Nessuna pressione indebita, nessuna concussione. Piuttosto, «l’impegno e la passione verso i miei pazienti», che ricambiavano con «donazioni volontarie», come forma di ringraziamento «spontaneo» per la sua professionalità. Edoardo Austoni, accompagnato dall’avvocato Giovanni Maria Dedola, si presenta all’interrogatorio di garanzia davanti al gip Giulia Turri e al pubblico ministero Grazia Pradella. Una difesa che dura un’ora e mezza, durante la quale l’urologo ripete di non aver mai chiesto denaro per eseguire personalmente gli interventi, né per creare corsie preferenziali nelle liste d’attesa. Poi, ammette di sentirsi ancora «fisicamente debilitato» a causa dell’aggressione subita lo scorso 20 novembre - e i segni li porta addosso, evidenti -, e «moralmente scosso» per l’attacco mediatico di cui si sente vittima da sabato scorso, giorno in cui per l’urologo sono stati disposti gli arresti domiciliari.

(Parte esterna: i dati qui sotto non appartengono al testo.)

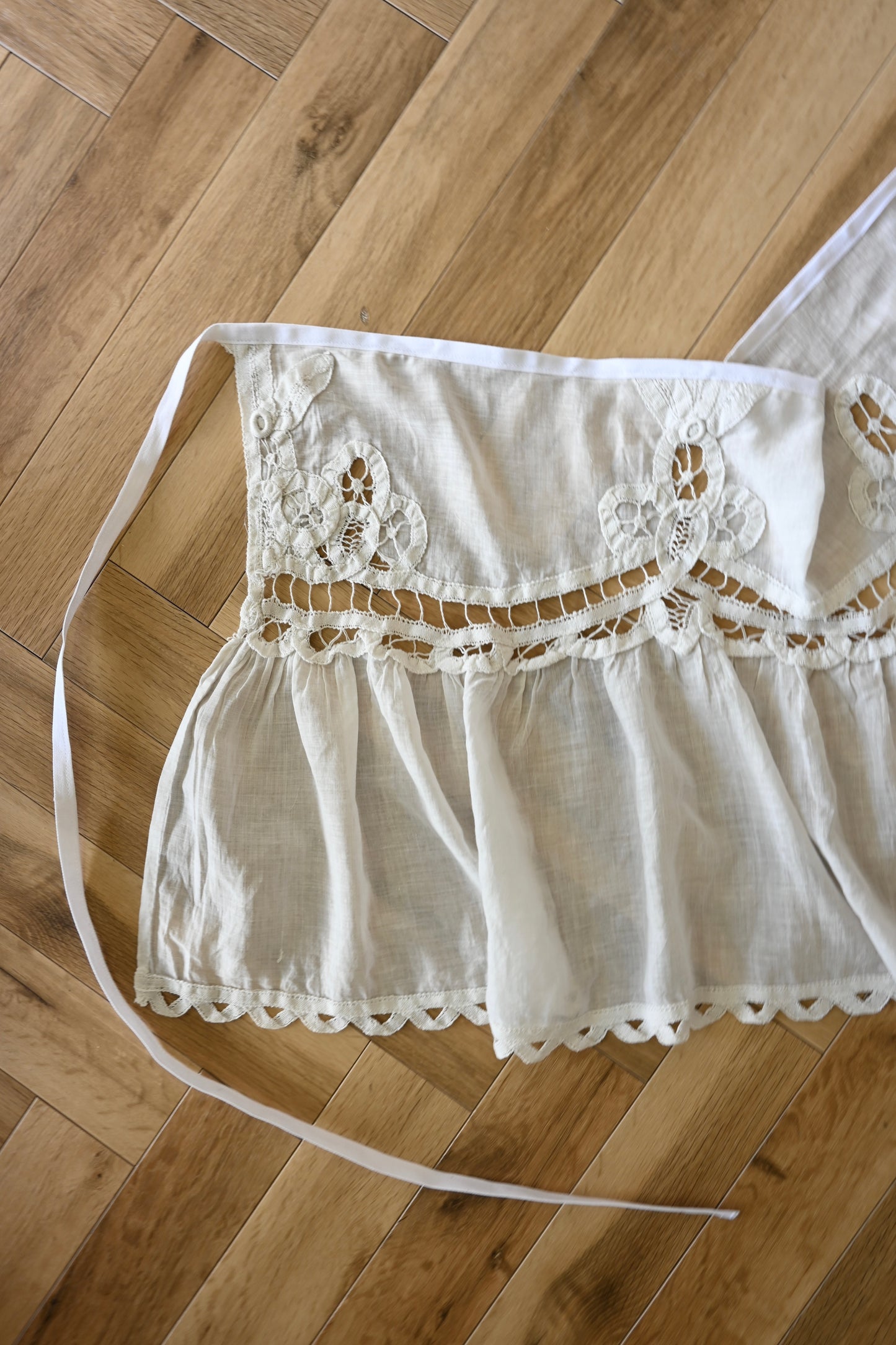 French antique lace wrap/PONMOSIR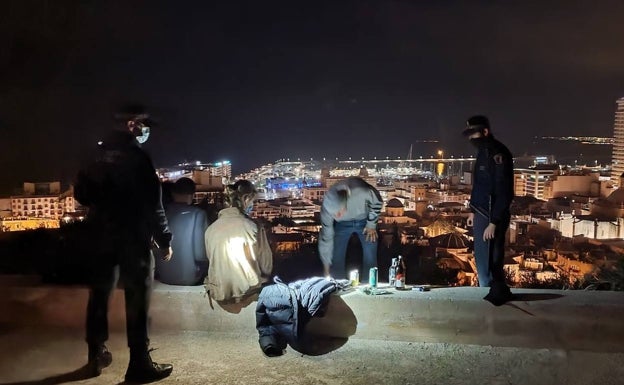 Siete botellones y una veintena de fiestas prohibidas durante la noche del viernes en Alicante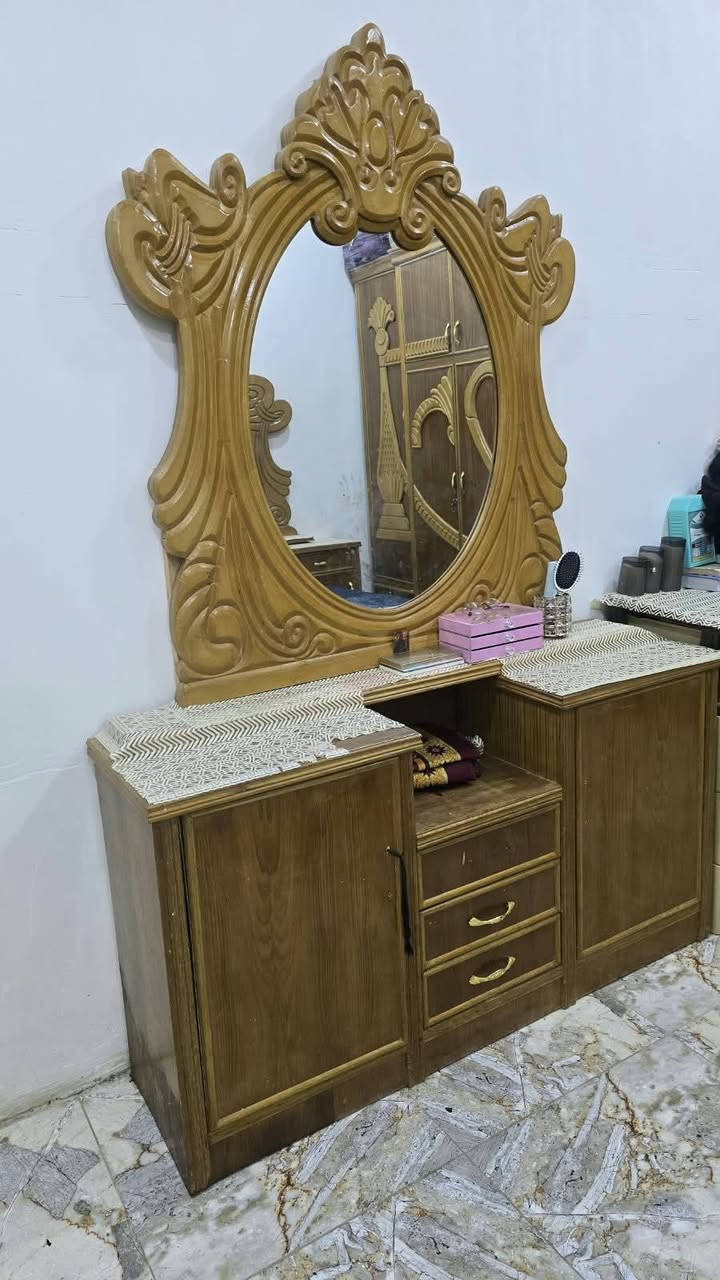 السلام عليكم ورحمة الله وبركاته. غرفة نوم للبيع جديدة. للتواصل: ***********
@
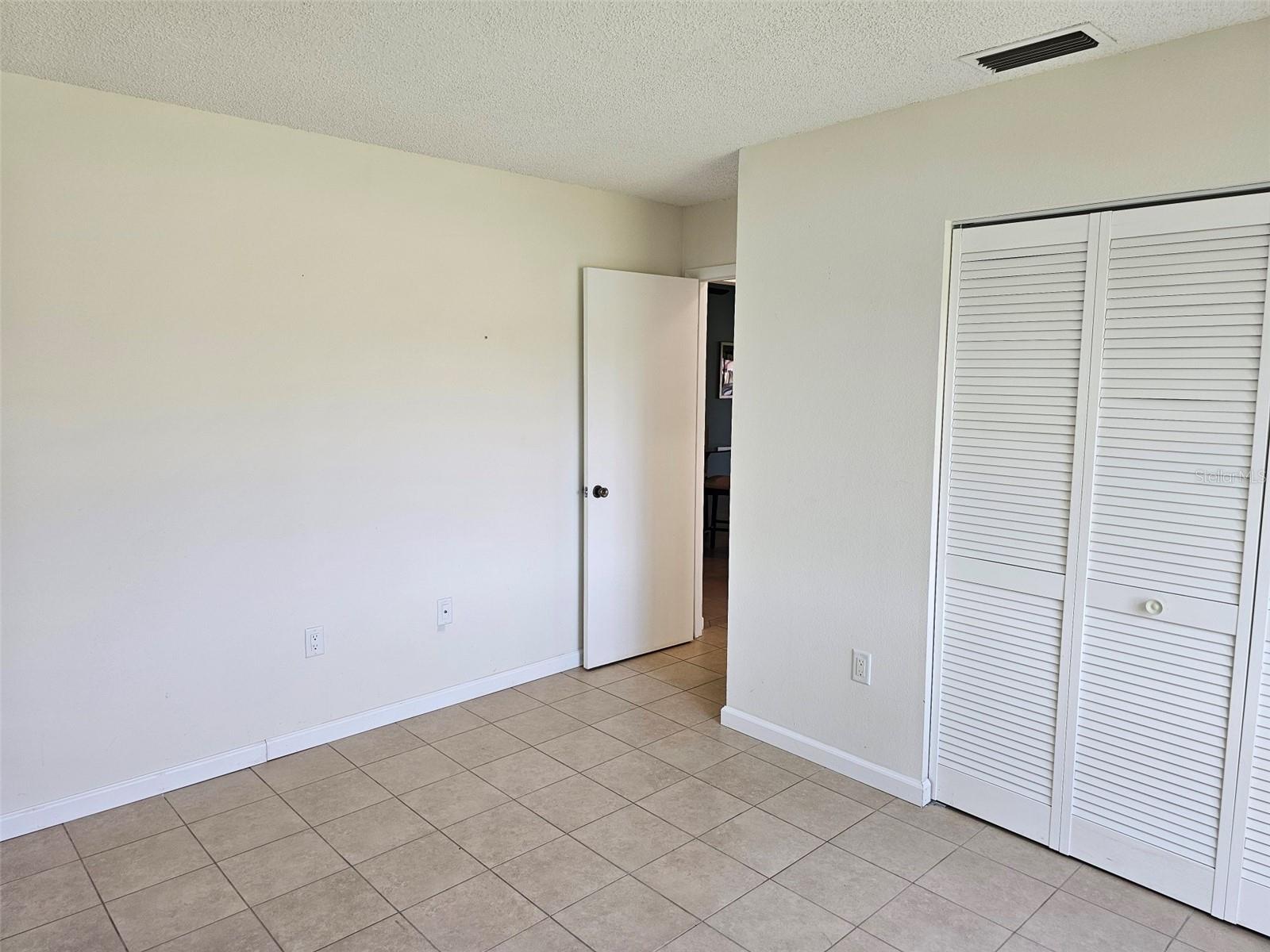 Image 19 of 33 For 5709 13th Avenue W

«Il nome per me è tutto - dice Austoni al gip -, sono angosciato per la mia reputazione». Quindi ribatte alle accuse. «Non c’è mai stata alcuna lista d’attesa da saltare - sostiene il professore -, semmai buchi da riempire». Ed era «scontato» che fosse lui a operare in prima persona per le patologie più gravi.

Quindi nessuno pagava per ottenere «scorciatoie» o interessamenti personali, ma solo come «segno di riconoscenza per la mia professionalità», un gesto - ribadisce - «del tutto libero». Una stima, sottolinea Austoni, testimoniata anche dalle tante e-mail ricevute dai suoi pazienti, nelle quali era comunicato l’apprezzamento per il suo lavoro e per la professionalità dimostrati.